(Collection entries)
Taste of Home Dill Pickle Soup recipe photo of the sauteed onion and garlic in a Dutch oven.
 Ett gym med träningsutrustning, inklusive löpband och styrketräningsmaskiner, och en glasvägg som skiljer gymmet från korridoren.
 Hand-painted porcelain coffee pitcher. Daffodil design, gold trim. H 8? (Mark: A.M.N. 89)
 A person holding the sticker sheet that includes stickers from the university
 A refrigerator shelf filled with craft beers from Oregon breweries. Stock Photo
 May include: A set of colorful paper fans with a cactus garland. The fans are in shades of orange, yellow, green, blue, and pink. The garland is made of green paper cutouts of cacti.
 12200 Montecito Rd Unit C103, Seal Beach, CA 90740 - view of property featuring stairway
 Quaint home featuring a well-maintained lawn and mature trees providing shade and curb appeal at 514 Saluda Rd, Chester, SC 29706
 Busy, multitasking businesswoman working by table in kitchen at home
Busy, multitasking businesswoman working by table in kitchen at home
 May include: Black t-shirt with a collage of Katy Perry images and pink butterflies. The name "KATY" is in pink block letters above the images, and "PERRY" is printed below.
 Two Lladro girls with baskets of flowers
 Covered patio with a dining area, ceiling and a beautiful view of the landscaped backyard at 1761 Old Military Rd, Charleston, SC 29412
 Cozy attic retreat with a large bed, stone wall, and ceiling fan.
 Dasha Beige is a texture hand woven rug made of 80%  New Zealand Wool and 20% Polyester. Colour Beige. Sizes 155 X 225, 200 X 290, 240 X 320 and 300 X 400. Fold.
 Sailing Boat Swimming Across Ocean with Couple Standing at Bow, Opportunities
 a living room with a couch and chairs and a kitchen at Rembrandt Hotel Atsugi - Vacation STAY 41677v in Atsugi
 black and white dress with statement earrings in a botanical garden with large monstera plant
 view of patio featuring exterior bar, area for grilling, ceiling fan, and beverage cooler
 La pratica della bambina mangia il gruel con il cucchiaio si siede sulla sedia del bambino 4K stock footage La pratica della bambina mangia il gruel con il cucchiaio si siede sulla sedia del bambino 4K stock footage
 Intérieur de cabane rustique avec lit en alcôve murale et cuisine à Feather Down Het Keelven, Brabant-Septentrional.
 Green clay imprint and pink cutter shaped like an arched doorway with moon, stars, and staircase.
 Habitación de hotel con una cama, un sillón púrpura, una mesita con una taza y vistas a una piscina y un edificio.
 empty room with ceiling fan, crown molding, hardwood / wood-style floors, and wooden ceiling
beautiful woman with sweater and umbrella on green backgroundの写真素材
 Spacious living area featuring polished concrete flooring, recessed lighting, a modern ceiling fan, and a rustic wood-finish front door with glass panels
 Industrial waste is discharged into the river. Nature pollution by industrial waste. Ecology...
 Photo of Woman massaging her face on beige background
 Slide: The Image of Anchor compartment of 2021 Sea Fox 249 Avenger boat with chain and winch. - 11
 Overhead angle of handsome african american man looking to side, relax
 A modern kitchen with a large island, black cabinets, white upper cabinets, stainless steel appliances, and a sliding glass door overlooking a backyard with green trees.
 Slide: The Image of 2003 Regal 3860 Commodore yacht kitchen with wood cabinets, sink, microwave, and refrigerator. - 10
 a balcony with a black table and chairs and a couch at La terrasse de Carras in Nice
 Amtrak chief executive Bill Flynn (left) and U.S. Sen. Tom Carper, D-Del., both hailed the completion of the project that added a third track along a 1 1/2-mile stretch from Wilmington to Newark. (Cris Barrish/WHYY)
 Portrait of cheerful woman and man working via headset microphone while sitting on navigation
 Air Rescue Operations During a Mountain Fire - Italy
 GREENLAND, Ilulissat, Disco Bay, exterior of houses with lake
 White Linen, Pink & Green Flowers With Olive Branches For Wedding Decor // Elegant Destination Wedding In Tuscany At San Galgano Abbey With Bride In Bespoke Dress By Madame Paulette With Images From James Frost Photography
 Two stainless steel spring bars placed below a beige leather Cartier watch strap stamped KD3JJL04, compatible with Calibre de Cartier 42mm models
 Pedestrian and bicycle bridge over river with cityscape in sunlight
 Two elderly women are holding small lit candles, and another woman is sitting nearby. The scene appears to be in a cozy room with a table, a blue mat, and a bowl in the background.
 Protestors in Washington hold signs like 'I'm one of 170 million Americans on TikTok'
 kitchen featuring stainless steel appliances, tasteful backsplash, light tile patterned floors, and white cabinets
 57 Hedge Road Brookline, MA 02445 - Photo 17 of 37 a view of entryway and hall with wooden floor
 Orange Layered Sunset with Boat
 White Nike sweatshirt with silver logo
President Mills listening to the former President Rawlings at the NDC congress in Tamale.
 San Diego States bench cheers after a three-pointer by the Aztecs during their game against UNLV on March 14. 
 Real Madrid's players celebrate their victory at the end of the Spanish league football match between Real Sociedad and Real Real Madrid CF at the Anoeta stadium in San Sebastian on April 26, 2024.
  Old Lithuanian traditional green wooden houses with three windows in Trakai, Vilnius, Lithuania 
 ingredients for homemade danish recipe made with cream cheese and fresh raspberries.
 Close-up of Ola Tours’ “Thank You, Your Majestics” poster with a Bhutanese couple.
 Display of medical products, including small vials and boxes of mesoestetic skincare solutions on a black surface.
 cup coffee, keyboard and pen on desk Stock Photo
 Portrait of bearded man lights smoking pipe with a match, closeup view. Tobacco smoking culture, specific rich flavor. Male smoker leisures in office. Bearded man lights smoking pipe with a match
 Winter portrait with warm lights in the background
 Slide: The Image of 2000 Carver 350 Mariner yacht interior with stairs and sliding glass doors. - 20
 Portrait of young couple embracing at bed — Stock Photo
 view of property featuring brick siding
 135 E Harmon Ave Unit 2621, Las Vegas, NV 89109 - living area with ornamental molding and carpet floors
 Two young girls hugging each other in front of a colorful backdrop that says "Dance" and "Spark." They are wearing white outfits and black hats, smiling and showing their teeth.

Your objective: Each line above that carries the string "houses" has to be returned.

Solution to the exercise:
 GREENLAND, Ilulissat, Disco Bay, exterior of houses with lake
  Old Lithuanian traditional green wooden houses with three windows in Trakai, Vilnius, Lithuania 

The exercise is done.